My understanding (and you may correct me if i'm wrong) is that it is not feasable to load the fact tables (1B rows a day) and provide analytics for periods of months/years. Since we have usually around 40 different dims in the model, it also not realistic to load a full group by using all ~40 dims since it will not reduce the number of rows considerably.

So what we have is a set of aggregation tables each with up to 4 dims + time dim + various measurements which create a limited space for the metric model (limited in a way it does not contain all dims combinations for each metric)

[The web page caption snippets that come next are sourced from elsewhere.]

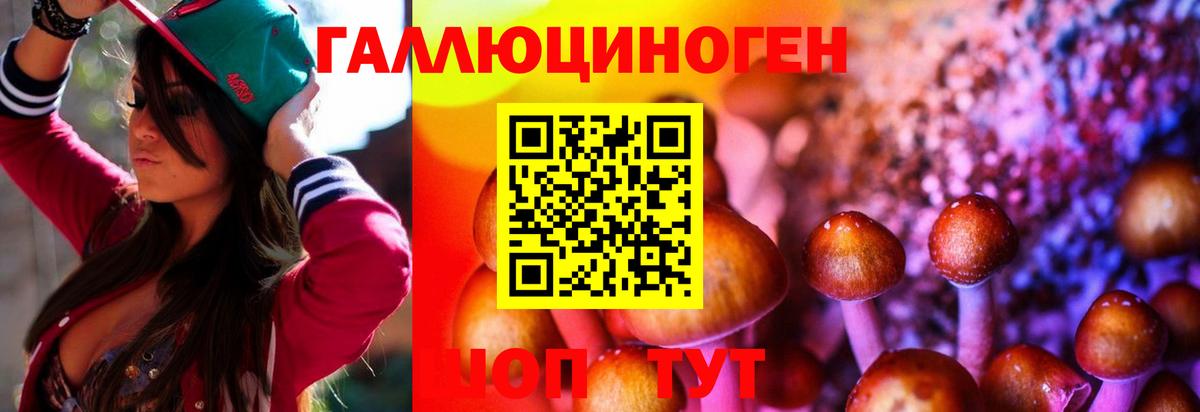 Псилоцибиновые грибы мицелий Дагестанские Огни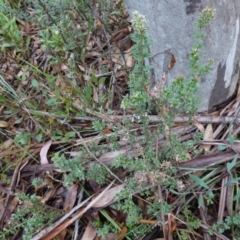 Oxylobium ellipticum at Cotter River, ACT - 4 Jun 2023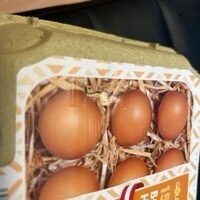 Eier
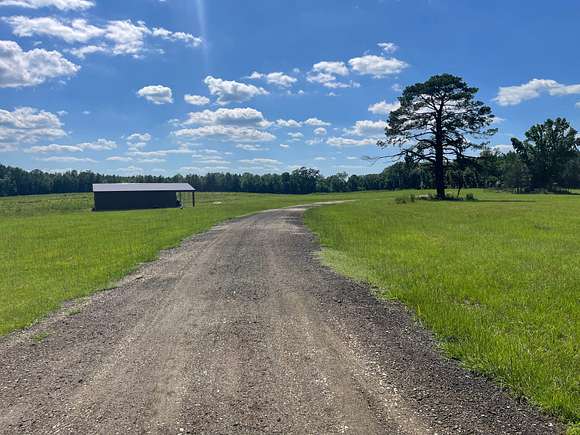 66 Acres of Land with Home for Sale in Robeline, Louisiana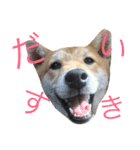 柴犬まめた0524（個別スタンプ：14）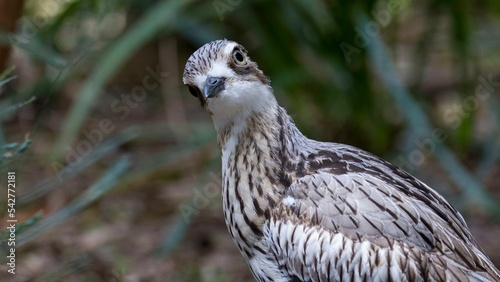 Curious bush stone-curlew in its natural habitat photo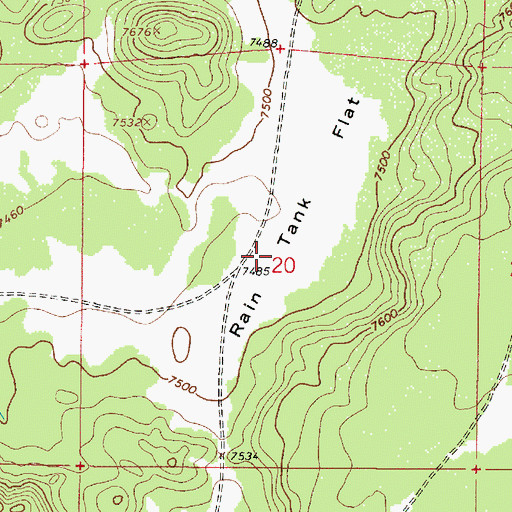 Topographic Map of Rain Tank Flat, AZ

If you guys have any idea how we can use these tables in Qlikview to support these various metrics visulization + the ability to perform qlikview powerfull contextual switch using the selection concept by navigating between different views.

Thanks again,

Avi

Anonymous
Not applicable
Author

Avi,
You're certainly not the first with this sort of question. Oleg just recommended to search for "concatenation" - this is a typical solution in cases like this.
In real life, it is rather a rule than an exception to have multiple measures, and different measures are using not the same set of dimensions. The most common (although not the only) way to solve it is to concatenate all mesaures into one "fact" logical table in QlikView application.
I think you need help from an experienced Qlikview consultant, from QlikTech or from one of the partners.
The best of luck,

Not applicable
Author

Thanks, will do .

Oleg_Troyansky
Partner Ambassador/MVP
Partner Ambassador/MVP

Avi,

yes, your understanding is correct - 1B rows a day, over several months is a bit too much for any in-memory model. So, if you still want to use the advantages of in-memory processing, you need to reduce the granularity of your data.

In order to do it in QlikView, you need to find the "common level of detal" for various fact tables and keep all the data at that level. It's hard to fisualize without a specific example...

Let's say you are trying to compare visits to your web site with the volume of purchases. In your transactional data, you might have billions of website hits, timestamped up to millisecond, and perhaps thousands of purchases. If you determine that the acceptable level of detail is daily summary, you need to summarize your transactions at the daily level, and (unfortunately) aggregate your key measurements to the same level.

What you cannot do in QlikView is keep the same data at different levels of detail (for example, this table holds data by Dim1-Dim2-Dim3 and that table holds the same data by Dim1-Dim2).

If several fact tables have multiple dimensions in common, you can either concatenate them into a single fact table ("concatenate") or create a composite key if you can find a sinlge set of dimensions that repeats itself ("Link Table").